# Suggestions on moving to Italy



## Germano (Jun 11, 2011)

We are looking to initially get a holiday (vacation) home in Italy. My family is from Abruzzo but when I look at houses/apartments I love the style of Tuscany houses.

I'm looking for suggestions on where to buy based on our desires:

We are looking for a house with the following constraints:

- We love the Adriatic sea and would like to be more more than 1 hour away. Less than 10 minutes drive is ideal.
- We love the ancient villages and prefer to live in an apartment in one of these villages.
- If not an apartment then something close to town but house/villa with great views.

We are conflicted because we love the way towns in Tuscany and Umbria look (the Abruzzo towns seem more run-down and seem to always require construction) but we love Abruzzo because of family history and love to be close to the sea.

Suggestions?


----------



## italy (Aug 21, 2009)

Germano said:


> We are looking to initially get a holiday (vacation) home in Italy. My family is from Abruzzo but when I look at houses/apartments I love the style of Tuscany houses.
> 
> I'm looking for suggestions on where to buy based on our desires:
> 
> ...


well i would say from colonella to guilianova if you pick one of the alta towns you will find they are not run down or indeed dismal with views over the adriatic .. mosciano san angelo just inland or notaresco.. well restored and lively small towns within ten minutes of the beaches ...

i would suggest as well your budget in these areas will give you a lot more choice and the weather will allow you to spend a lot more time...

if you add to that the distance from the main rome airports is at max a 2 hour drive... its also very convenient

i agree there are many areas when you go inland that reflect a harder side of mountain life here but the beauty of Abruzzo to my mind is that variety


----------



## Germano (Jun 11, 2011)

Thank you so much for your response. That's exactly what I am looking for. I hope you don't mind but I have some additional questions.

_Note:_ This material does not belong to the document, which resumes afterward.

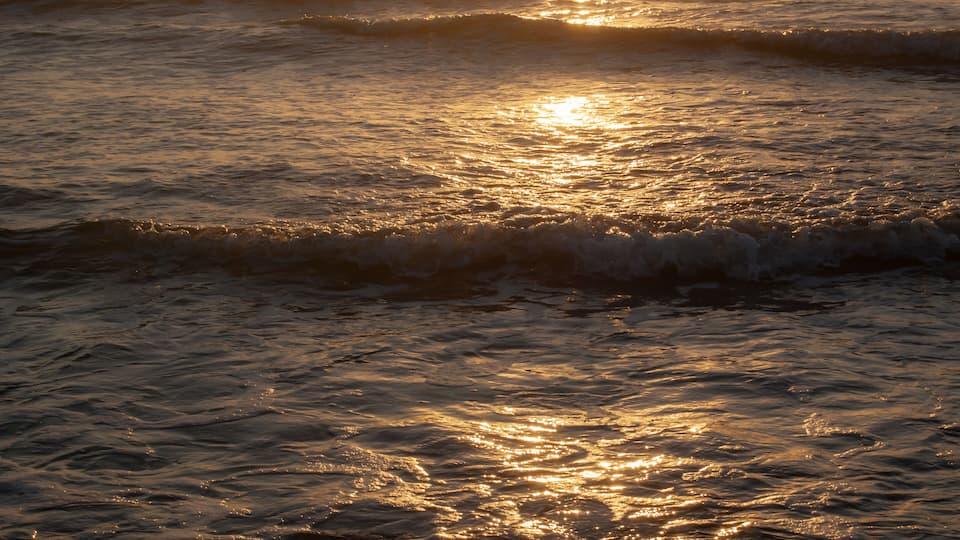A sunset over the ocean with waves reflecting the sunlight.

Firstly, it sounds like you are mentioning places in the Teramo region of Abruzzo. It looks beautiful.

In looking at properties, I see lots of villas, lots of places needing restoration, but very few if any apartments in old historic towns which are full restored and have great views of both the mountains and the sea. 

I'm looking at sites like this for places:

property-italy.immobiliare.it/Teramo/properties_for_sale-Teramo.html

I probably have less than 300,000 Euro to spend. I see some beautiful villas with great views, but I really wanted to be closer (if not in) and ancient historic town - one where you can walk the streets to get food and meet people.

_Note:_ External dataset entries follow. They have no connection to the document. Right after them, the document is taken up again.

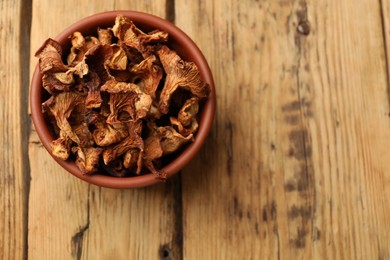 Photo of Dried chanterelle mushrooms on wooden table, top view. Space for text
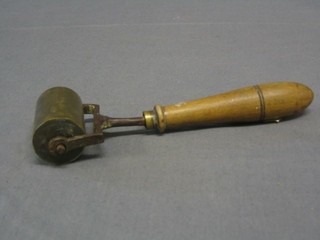 A 19th/20th Century iron and brass finger print ink roller with turned handle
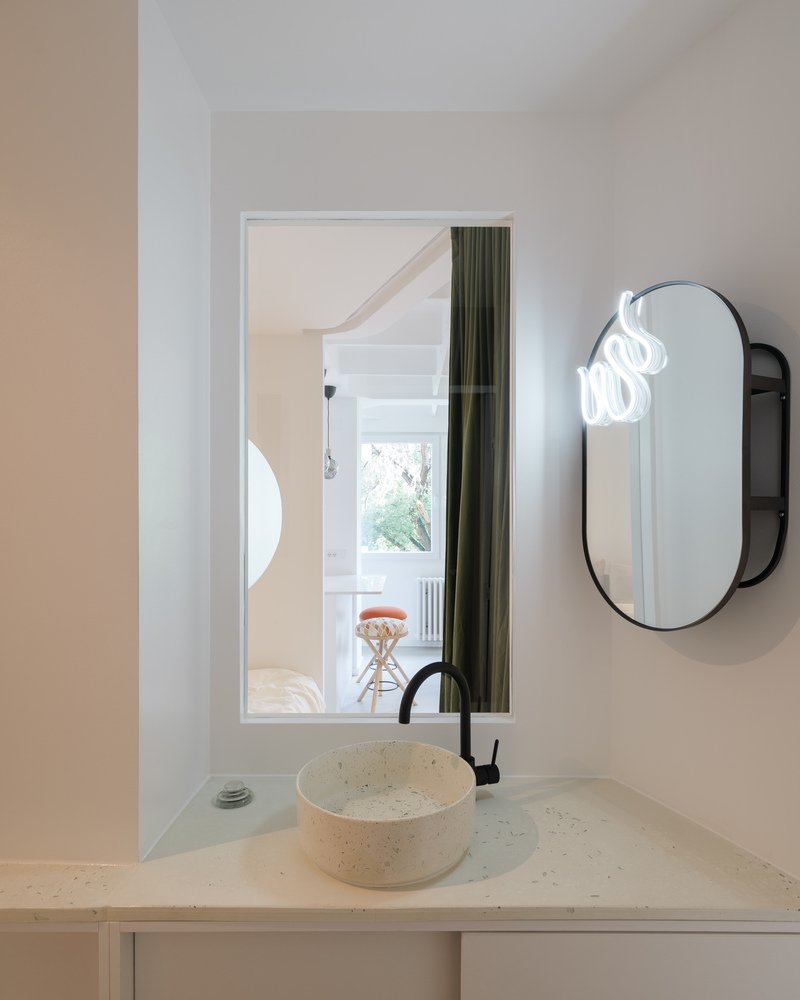 Bathroom: terrazzo basin on a white counter, rectangular and oval mirror composition, view back into the living room through the circular window reveal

Can you comment on this please?


----------



## stefanaccio (Sep 25, 2007)

*andiamo in Abruzzo*

If feasible, I would buy a place in the same village as my relatives. Your quest to be within 30 minutes of the Adriatic is helpful. This is where the jobs are and where the young Italians want to live which will make it much easier in the future should/when you want to sell up. That said, my two favorite towns in the Teramo Province are Torricella Sicura (very near and walkable to Teramo) and Controguerra (closer to the beach and home of the best Abruzzo wines). Let me know if you have ? re Teramo Province.


----------



## italy (Aug 21, 2009)

Germano said:


> Thank you so much for your response. That's exactly what I am looking for. I hope you don't mind but I have some additional questions.
> 
> Firstly, it sounds like you are mentioning places in the Teramo region of Abruzzo. It looks beautiful.
> 
> ...


whilst agreeing with stefano on his two choices i also think places like giulianova alta offer choices too ... am glad to see someone actually wanting to live in close proximity to Italians and have a life here ... 

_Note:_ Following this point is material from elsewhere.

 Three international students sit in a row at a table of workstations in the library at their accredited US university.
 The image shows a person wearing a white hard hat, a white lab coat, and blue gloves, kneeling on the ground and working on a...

you have placed a link to a site which is what i call a generic property site.. in the sense that it charges agents for advertising and often many of the properties are either not for sale any more or have many agencies involved with prices a bit higher say for the fact that costs need to be covered...

if you would like to send a message with details will be happy to email you and chat a bit more about places to look... 

i do only really have an interest in the teramo province although i enjoy all of Abruzzo but i like this area for several two reasons .. it has the best connections to all the airports.. its the only Abruzzo province with no class 1 seismic areas.. aside from pescara which for me is too busy it has an excellent feeling of life going on.. both in winter and summer..


----------



## GETSTUCKIN (Jun 14, 2011)

if you come further south to puglia with local airport brindisi...you can never be any further than 35mins from sea. we are in s.vito dei normanni brindisi 10mins nature reserve beaches 15mins airport , great expat community of americans, scots, irish, english germans, and now dutch. with your budget you can buy 2 villas. here is where the italians holiday the climate will allow you so many more months that the weather permits you to enjoy the region. this february 22 degrees. we are on the adriatic and have a villa to sell .


----------